Re: [PATCH 4/4] KVM: nVMX: Do not generate #DF if #PF happens during exception delivery into L2

Gleb Natapov <gleb@xxxxxxxxxx> · Wed, 25 Sep 2013 15:21:45 +0300



On Wed, Sep 25, 2013 at 02:08:09PM +0200, Paolo Bonzini wrote:
> Il 25/09/2013 13:51, Gleb Natapov ha scritto:
> > On Wed, Sep 25, 2013 at 01:24:49PM +0200, Paolo Bonzini wrote:
> >> Il 25/09/2013 11:51, Gleb Natapov ha scritto:
> >>> @@ -7773,6 +7787,9 @@ static void prepare_vmcs02(struct kvm_vcpu *vcpu, struct vmcs12 *vmcs12)
> >>>  	kvm_set_cr3(vcpu, vmcs12->guest_cr3);
> >>>  	kvm_mmu_reset_context(vcpu);
> >>>  
> >>> +	if (!enable_ept)
> >>> +		vcpu->arch.walk_mmu->inject_page_fault = vmx_inject_page_fault_nested;
> >>> +
> >>>  	/*
> >>>  	 * L1 may access the L2's PDPTR, so save them to construct vmcs12
> >>>  	 */
> >>> @@ -8232,6 +8249,9 @@ static void load_vmcs12_host_state(struct kvm_vcpu *vcpu,
> >>>  	kvm_set_cr3(vcpu, vmcs12->host_cr3);
> >>>  	kvm_mmu_reset_context(vcpu);
> >>>  
> >>> +	if (!enable_ept)
> >>> +		vcpu->arch.walk_mmu->inject_page_fault = kvm_inject_page_fault;
> >>
> >> This is strictly speaking not needed, because kvm_mmu_reset_context
> >> takes care of it.
> >>
> > Yeah, but better make it explicit, it does not hurt but make it more
> > clear what is going on.

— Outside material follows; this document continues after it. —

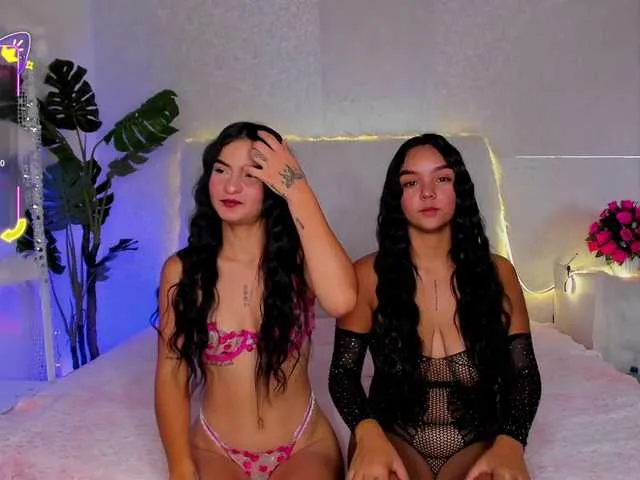 Playwithus71 —  Irresistible Duo:
...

Or at least add comment above
> > kvm_mmu_reset_context() about this side effect.
> 
> Yes, I agree the code is cleaner like you wrote it.
> 
> >> But I wonder if it is cleaner to not touch the struct here, and instead
> >> add a new member to kvm_x86_ops---used directly in init_kvm_softmmu like
> >> kvm_x86_ops->set_cr3.  The new member can do something like
> >>
> >> 	if (is_guest_mode(vcpu)) {
> >> 		struct vmcs12 *vmcs12 = get_vmcs12(vcpu);
> >> 		if (vmcs12->exception_bitmap & (1u << PF_VECTOR)) {
> >> 			nested_vmx_vmexit(vcpu);
> >> 			return;
> >> 		}
> >> 	}
> >>
> >> 	kvm_inject_page_fault(vcpu, fault);
> > 
> > I do not quite understand what you mean here. inject_page_fault() is
> > called from the depth of page table walking. How the code will not to
> > call new member in some circumstances?
> 
> IIUC the new function is called if and only if is_guest_mode(vcpu) && 
> !enable_ept.  So what I'm suggesting is something like this:
> 
Ah I see, so you propose to check for guest mode and enable_ept in the
function instead of switching to another function, but switching to
another function is how code was designed to be. Nested NPT/EPT provide
their own function too, but there is nothing that stops you from
checking on what MMU you are now in the function itself.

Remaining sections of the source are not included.